5) Newspaper headlines proclaimed that chocolate lovers live
longer, following the publication of a study titled “Life is Sweet: Candy
Consumption and Longevity” in the British Medical Journal (Lee and Paffenbarger, 1998). In 1988, researchers sent a health
questionnaire to men who entered Harvard University as undergraduates between
1916 and 1950. The study included 7841 men, free of cardiovascular disease and
cancer. From the questionnaire they determined whether the respondents consumed
candy “almost never” (3312 men) or “sometimes or often” (4529 men), and then
they tracked the participants to determine whether or not they had died by
1993.
(a) Identify
the observational units.
(b) Identify
the response variable.
(c) Identify
the explanatory variable.
(d) Was this an
experiment or an observational study? If an experiment, was it a randomized,
comparative experiment? If observational, was it a case-control study?
(e) Researchers
found that of respondents who admitted to consuming candy regularly, 267 had
died by the end of 1993, compared to 247 of the non-consumers of candy. Set up
the calculation for Fisher’s Exact Test for deciding whether candy consumers
are significantly less likely to have died than non-consumers by completing the
following:
p-value =
P(X ) where X follows a
distribution with parameters
N
= M = n =
(f) The study
reported: “Between 1988 and 1993, 514 men died: 7.5%
of non-consumers, but only 5.9% of consumers (age adjusted relative risk 0.83;
95% confidence interval 0.70 to 0.98).” Interpret
this statement as if to someone who has never taken a statistics class. In particular, what do you think is meant by
“age adjusted relative risk”?
(g) Based on
this interval, I would consider the comparison statistically significant. Why?
(h) This does
not appear to be a large difference (7.5% vs. 5.9%), are you surprised that
this result is statistically significant? Explain.
(i) The
study also reports: We then examined different levels of candy
intake. Compared with non-consumers, the relative risks of mortality among men
who consumed candy 1-3 times a month (1704 men), 1-2 times a week (1589 men),
and 3 or more times a week (1236 men) were 0.64 (0.48 to 0.86), 0.73 (0.55 to
0.96), and 0.84 (0.64 to 1.11),
Does this
result provide evidence of a “dose-response”? Explain.

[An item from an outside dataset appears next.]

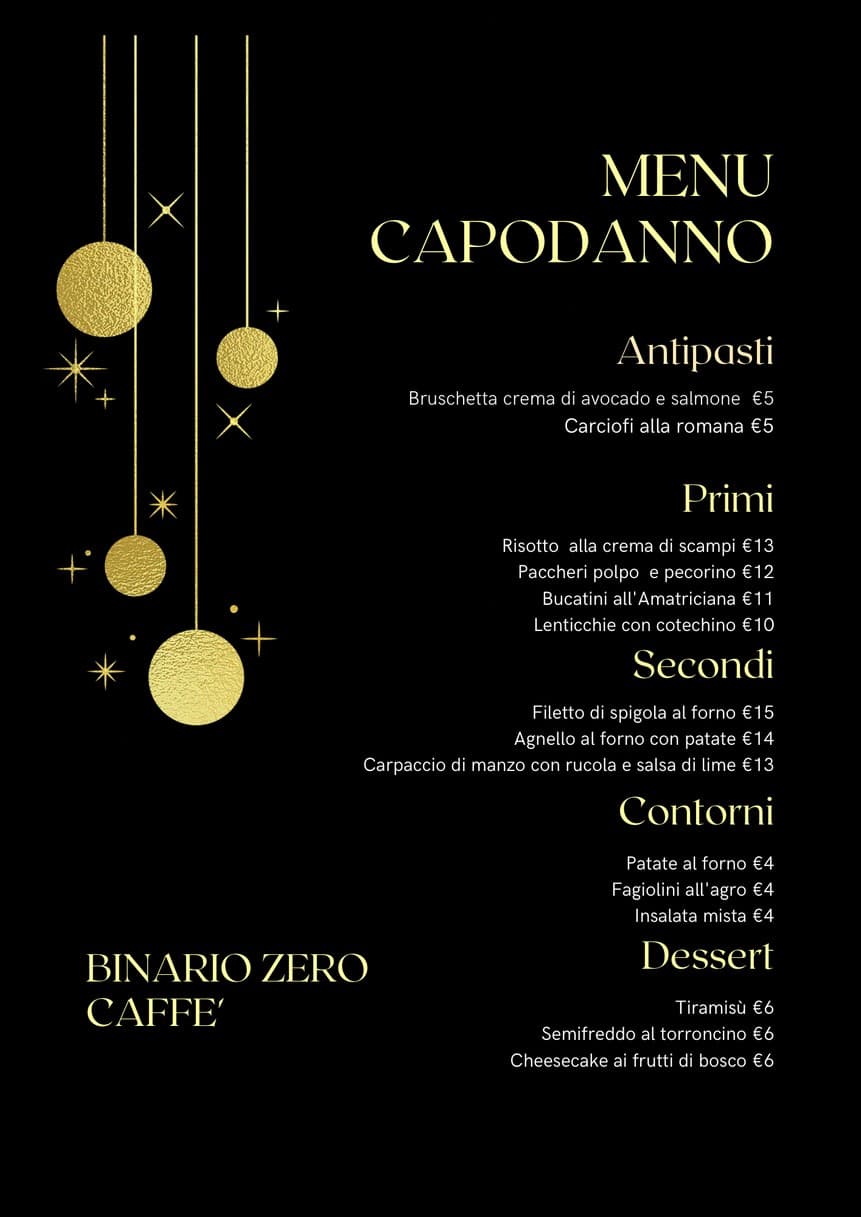 Menu image 2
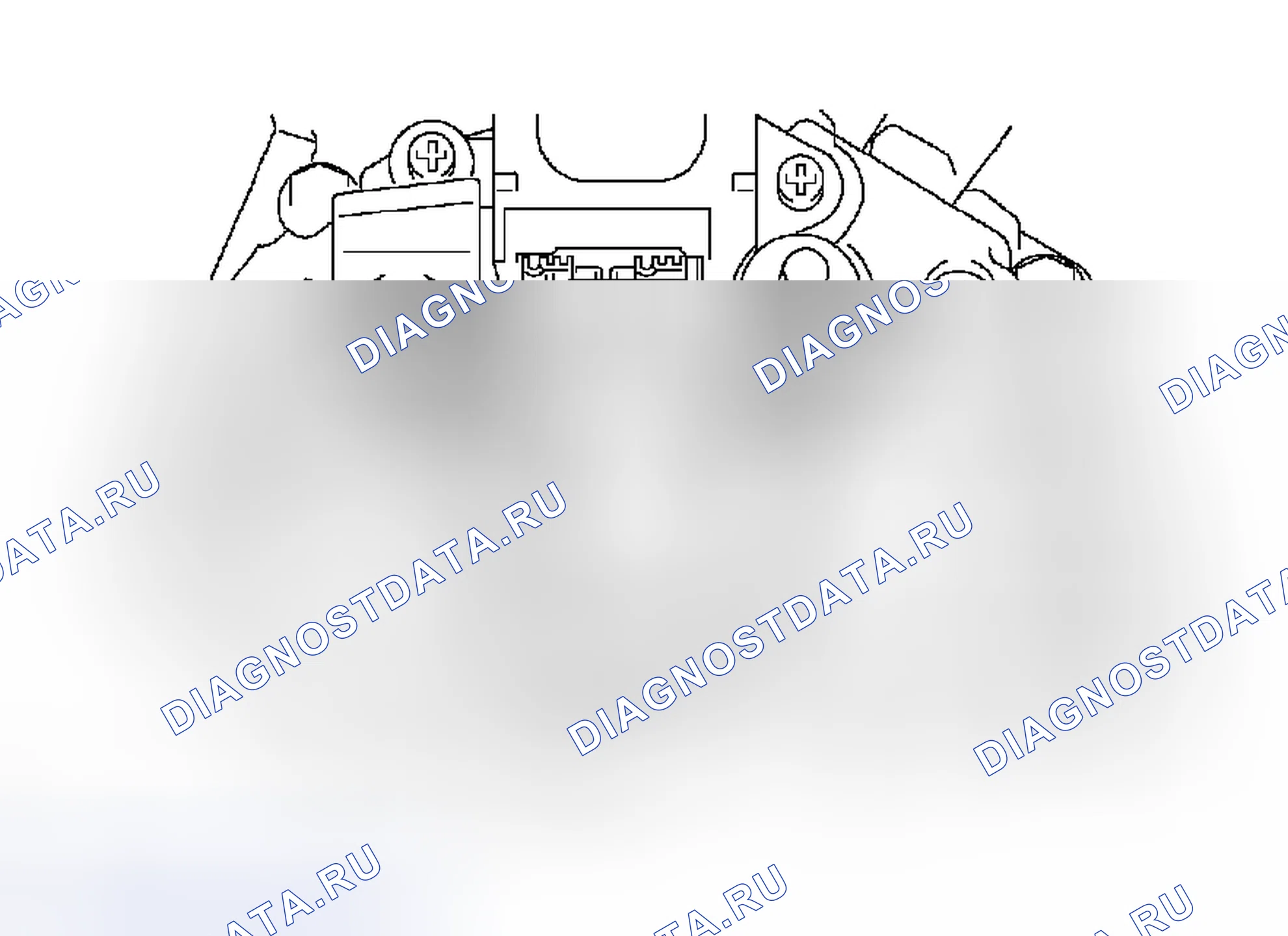 Рис. 34. Toyota Avalon XX30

(j) And then: “Finally, using life table analysis
truncated at age 95, we estimated that (after adjustment for age and cigarette
smoking) candy consumers enjoyed, on average, 0.92 (0.04 to 1.80) added years
of life, up to age 95, compared with non-consumers.“ Based on these results, are you willing
to conclude that eat candy leads to a longer life?
(k) What
population are you willing to generalize these results to? Explain.
6) A study of whether AZT helps to reduce
transmission of AIDS from mother to baby (Connor et al., 1994): Of the 180
babies whose mothers had been randomly assigned to receive AZT, 13 babies were
HIV-infected, compared to 40 of the 183 babies in the placebo group.

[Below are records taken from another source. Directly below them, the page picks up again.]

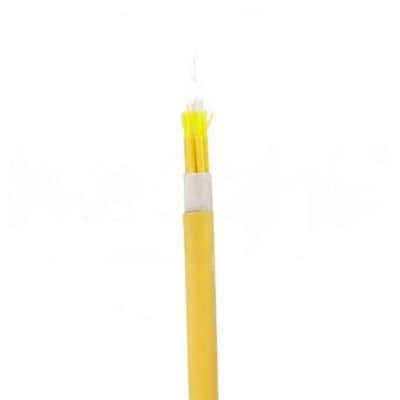 2.0mm Subunit and PVC/LSZH Jacket Gjfhjy 2– 48 Core Indoor Breakout Fiber Optic Cable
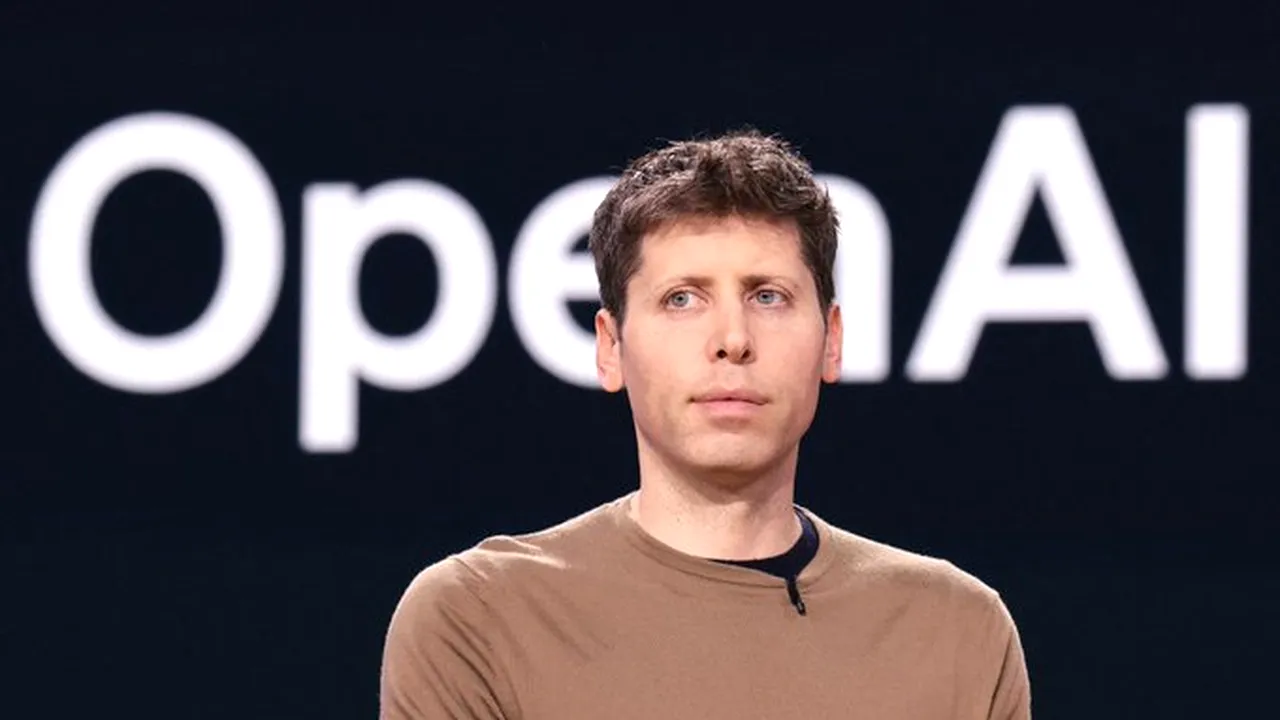 The New Yorker: Sam Altman, descris de foști colaboratori drept „un mincinos cronic”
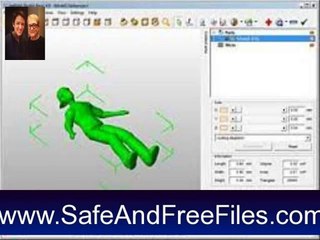 Download 3D Photo Browser for 3D Users + Polygon Cruncher 10.02 Serial Number Generator Free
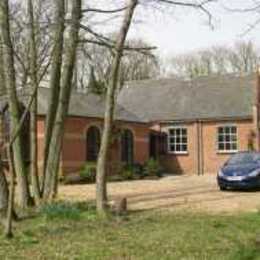 Brooke Methodist Church, Brooke, Norfolk, United Kingdom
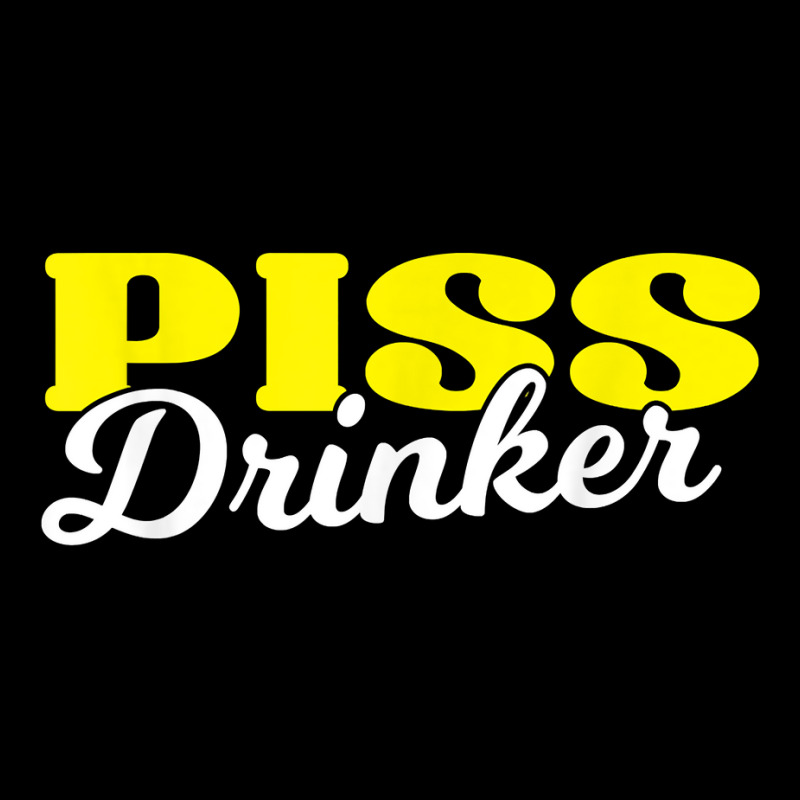 Piss Drinker  Naughty Bdsm Urine Fetish Gift T Shirt Pocket T-Shirt by cm-arts | Artistshot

(a) Create a segmented bar graph to display
these results. Comment on what the graph reveals.
(b) Check the validity conditions for whether a
two-sample z-test can be applied to these
data.
(c) If you were to carry out a simulation to
obtain a p-value, would you simulate random sampling or random assignment? Explain.

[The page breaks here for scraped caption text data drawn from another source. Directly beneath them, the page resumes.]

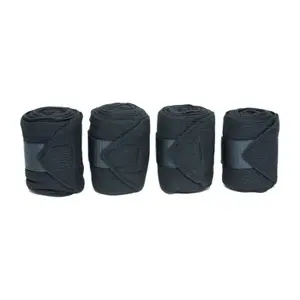 Vilobälten för hästar HFI (x4) image-0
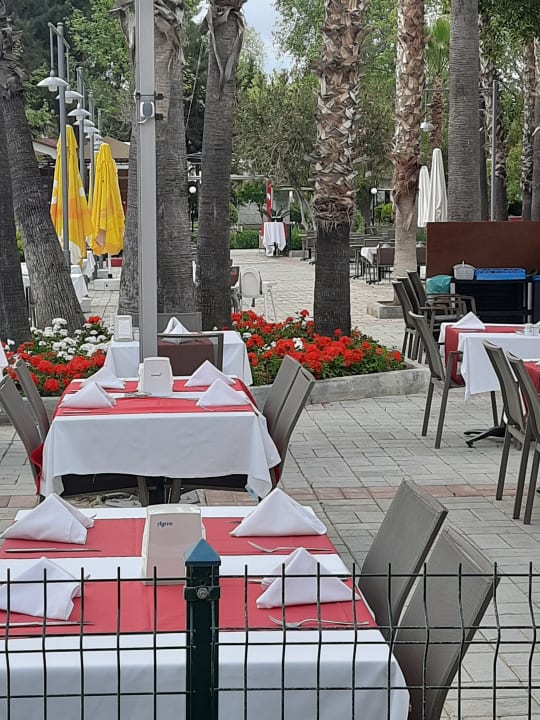 Gastro Labranda Alantur Resort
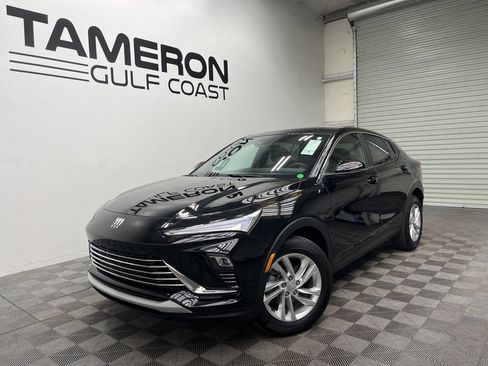 New 2026 Buick Envista Preferred w/ Convenience I Package image 1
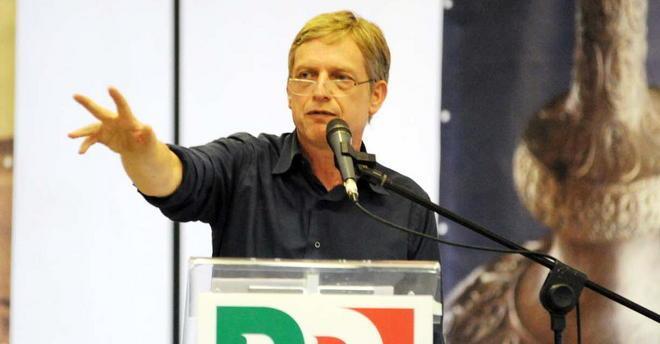 Primarie, alla San Giorgio l’incontro con Gianni Cuperlo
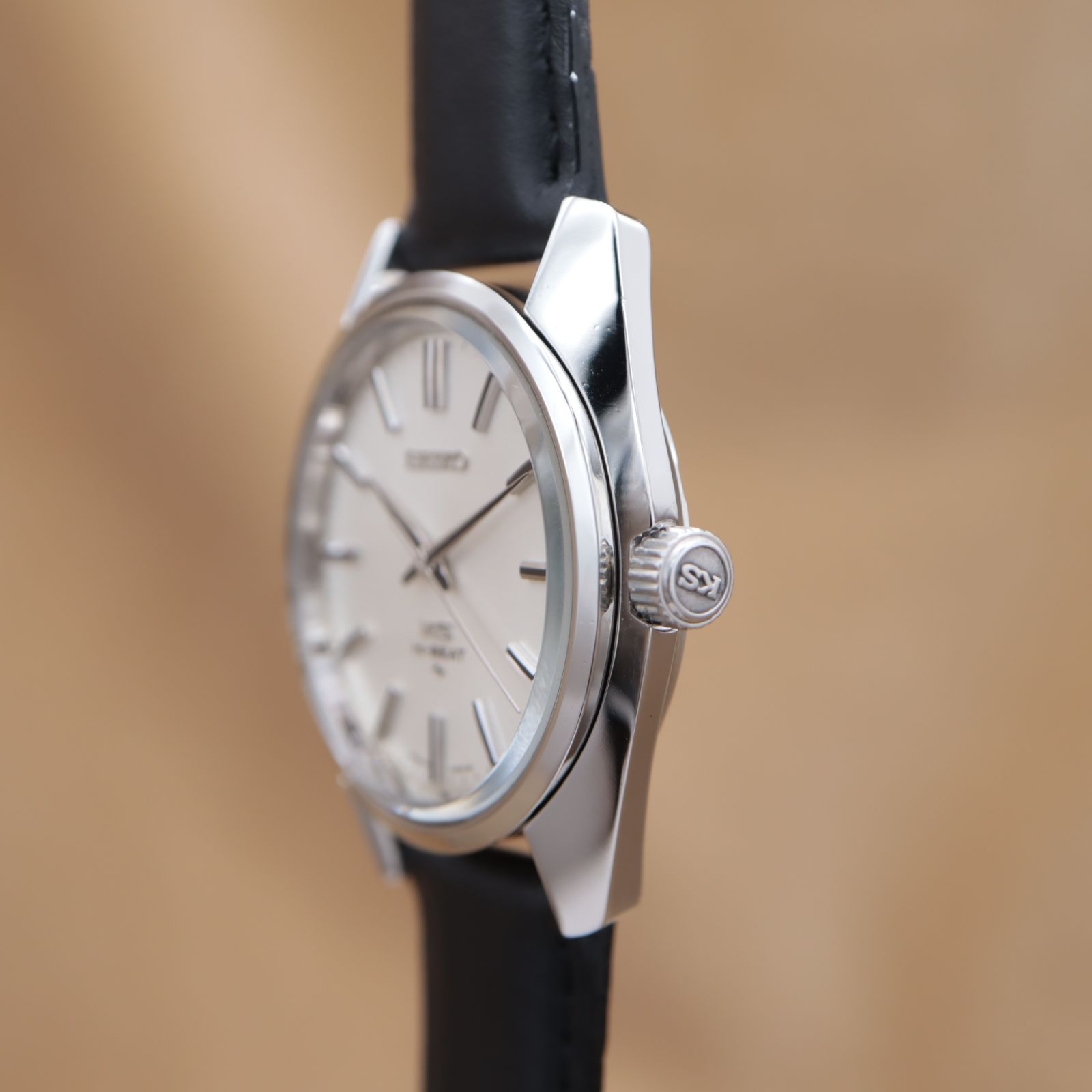 キングセイコー ハイビート 45-7001 KING SEIKO HI-BEAT 45KS 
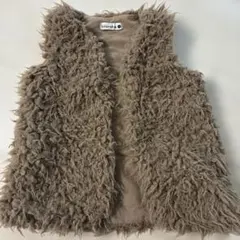 ブランシェス ファーベスト Sサイズ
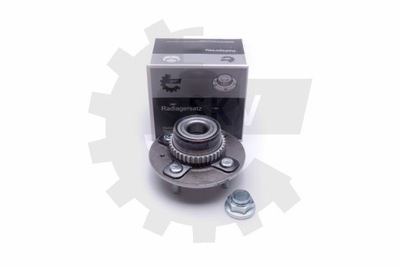 Esen skv 29skv478 набор подшипник колеса фото №1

(d) Conduct an appropriate test of significance
to determine whether the data provide convincing evidence that AZT is more effective
than a placebo for reducing mother-to-infant transmission of AIDS. Report the
hypotheses, test statistic, and p-value. Also indicate the test decision using
.01 as the level of significance.
(e) Estimate the difference in the risk of
transmission with the placebo compared to AZT with a 99% confidence interval.
Also be sure to interpret this interval in context.
(f) Summarize the conclusion that you could draw
from this study (significance, estimation, causation, and generalizability). Also explain the reasoning behind each component.